One of the most interesting findings in Stanford's excavations was a complex and long-lived shrine, mainly of Romano-British date, sited on the slope outside the highest inner rampart. The possibility has emerged also that a series of earthworks on the inner scarp of the interior quarry ditch of this same rampart are of Romano-British date. As such they may represent the presence of further shrines, indicating that after abandonment, the site became an important focus for continuing religious activity.
New detail can also be added to what is known of the late medieval or early post-medieval use of the hillfort within Croft Castle's deer-park. While the pillow-mounds at the site were already well known, the recent survey has revealed what appears to be a warrener's house within its own enclosure below the fort, and traces of saw-pits on one of the outer banks.
Bircher Common
Meanwhile, other unusual features have been found elsewhere during the survey, that throw light on activities that have yet to be documented well within the county. An example from Bircher Common is provided by small earthen platforms sited close to streams. These platforms may mark the sites of medieval transhumant farming shelters. Besides these traces, up to a dozen sets of earthworks belonging to small homestead-type complexes of the post-medieval period have also been located on the Common. The traces are the remains of houses and barns within small enclosures, in one case with their lazy-bed cultivation plots surviving fossilised within an outer enclosure. Elsewhere on the Common are the extant earthwork remains of no fewer than four sub-rectangular farmstead enclosures of presumed late prehistoric or Romano-British date, with traces of their contemporary fields.

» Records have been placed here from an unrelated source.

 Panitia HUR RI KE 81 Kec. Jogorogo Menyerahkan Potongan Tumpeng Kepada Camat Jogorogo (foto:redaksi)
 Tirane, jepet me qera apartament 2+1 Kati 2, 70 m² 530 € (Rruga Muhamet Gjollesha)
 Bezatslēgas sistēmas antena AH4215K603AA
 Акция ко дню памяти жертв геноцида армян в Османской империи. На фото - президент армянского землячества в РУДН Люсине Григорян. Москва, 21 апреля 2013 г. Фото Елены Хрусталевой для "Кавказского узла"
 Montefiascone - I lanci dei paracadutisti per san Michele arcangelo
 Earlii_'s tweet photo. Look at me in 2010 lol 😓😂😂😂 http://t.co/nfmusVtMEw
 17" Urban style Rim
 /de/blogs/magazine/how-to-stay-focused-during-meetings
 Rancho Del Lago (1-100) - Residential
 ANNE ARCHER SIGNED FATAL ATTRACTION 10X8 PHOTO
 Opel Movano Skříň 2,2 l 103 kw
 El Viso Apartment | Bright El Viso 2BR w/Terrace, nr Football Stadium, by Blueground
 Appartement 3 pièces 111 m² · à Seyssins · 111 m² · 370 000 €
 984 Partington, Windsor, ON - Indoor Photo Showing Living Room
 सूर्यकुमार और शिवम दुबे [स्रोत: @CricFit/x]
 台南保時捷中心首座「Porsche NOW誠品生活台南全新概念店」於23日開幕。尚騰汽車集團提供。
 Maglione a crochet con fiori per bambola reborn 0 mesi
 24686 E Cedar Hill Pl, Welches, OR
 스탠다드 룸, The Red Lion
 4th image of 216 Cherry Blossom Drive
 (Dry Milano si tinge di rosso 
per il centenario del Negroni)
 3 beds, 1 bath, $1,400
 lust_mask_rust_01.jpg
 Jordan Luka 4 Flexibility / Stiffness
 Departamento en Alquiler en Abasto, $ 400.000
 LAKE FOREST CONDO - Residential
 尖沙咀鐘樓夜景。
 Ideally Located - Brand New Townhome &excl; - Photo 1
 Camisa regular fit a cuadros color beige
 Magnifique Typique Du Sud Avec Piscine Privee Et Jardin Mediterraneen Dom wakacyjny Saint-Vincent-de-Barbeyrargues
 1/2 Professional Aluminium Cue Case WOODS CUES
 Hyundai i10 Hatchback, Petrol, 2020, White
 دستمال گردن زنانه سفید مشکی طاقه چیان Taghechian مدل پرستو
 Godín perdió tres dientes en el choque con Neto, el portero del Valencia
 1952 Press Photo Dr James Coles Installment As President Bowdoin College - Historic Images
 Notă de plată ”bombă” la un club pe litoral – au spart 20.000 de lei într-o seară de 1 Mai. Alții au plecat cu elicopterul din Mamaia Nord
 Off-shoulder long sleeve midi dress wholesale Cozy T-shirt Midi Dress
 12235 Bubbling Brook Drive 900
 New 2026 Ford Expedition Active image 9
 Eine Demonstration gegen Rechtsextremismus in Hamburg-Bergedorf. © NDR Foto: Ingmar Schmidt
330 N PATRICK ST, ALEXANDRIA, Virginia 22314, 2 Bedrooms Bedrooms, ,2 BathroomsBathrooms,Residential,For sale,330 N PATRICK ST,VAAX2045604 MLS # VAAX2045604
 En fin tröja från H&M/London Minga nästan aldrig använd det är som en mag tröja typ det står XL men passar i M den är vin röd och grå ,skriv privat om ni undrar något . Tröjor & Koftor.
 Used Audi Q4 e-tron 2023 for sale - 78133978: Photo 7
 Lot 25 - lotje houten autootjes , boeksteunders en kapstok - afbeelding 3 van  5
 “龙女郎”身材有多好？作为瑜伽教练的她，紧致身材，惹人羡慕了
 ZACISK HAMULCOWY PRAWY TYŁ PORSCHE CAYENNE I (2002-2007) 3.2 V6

Parkland at Croft and the Fishpool Valley
In the parkland surrounding the Croft Castle mansion, a series of landscape park features belonging to the C18th park have been located. A well-preserved length of the southern boundary of the earlier deer-park has been recognised, and, within later ornamental woodland, traces of two successive brickfields used to prduce both brick and tile for major construction phases of the mansion. In Fishpool Valley a whole network of carriage rides created along with the landscape park has also been recorded. As the valley became over-planted, the rides were abandoned. A clear sequence is evident from the way in which the course of these rides is cut by quarries and charcoal-burning platforms. The number of these latter recorded in the survey indicates very clearly the scale of charcoal preparation required locally to feed the forge at nearby Bringewood near Ludlow from the 1650s onwards.
The survey therefore provides a datum for future study, but more particular concerns in reference to management are the establishment of evidence for former planting patterns, and the possible restoration of areas of former wood pasture.
The Croft Castle Environs Project
The more detailed investigations planned in 2000 included work in the immediate environs of the castle. This was to feature exploration of the historic formal gardens, location of the site of medieval castle that may have preceded the existing mansion, and identification of structures that were featured in early estate plans but are no longer present.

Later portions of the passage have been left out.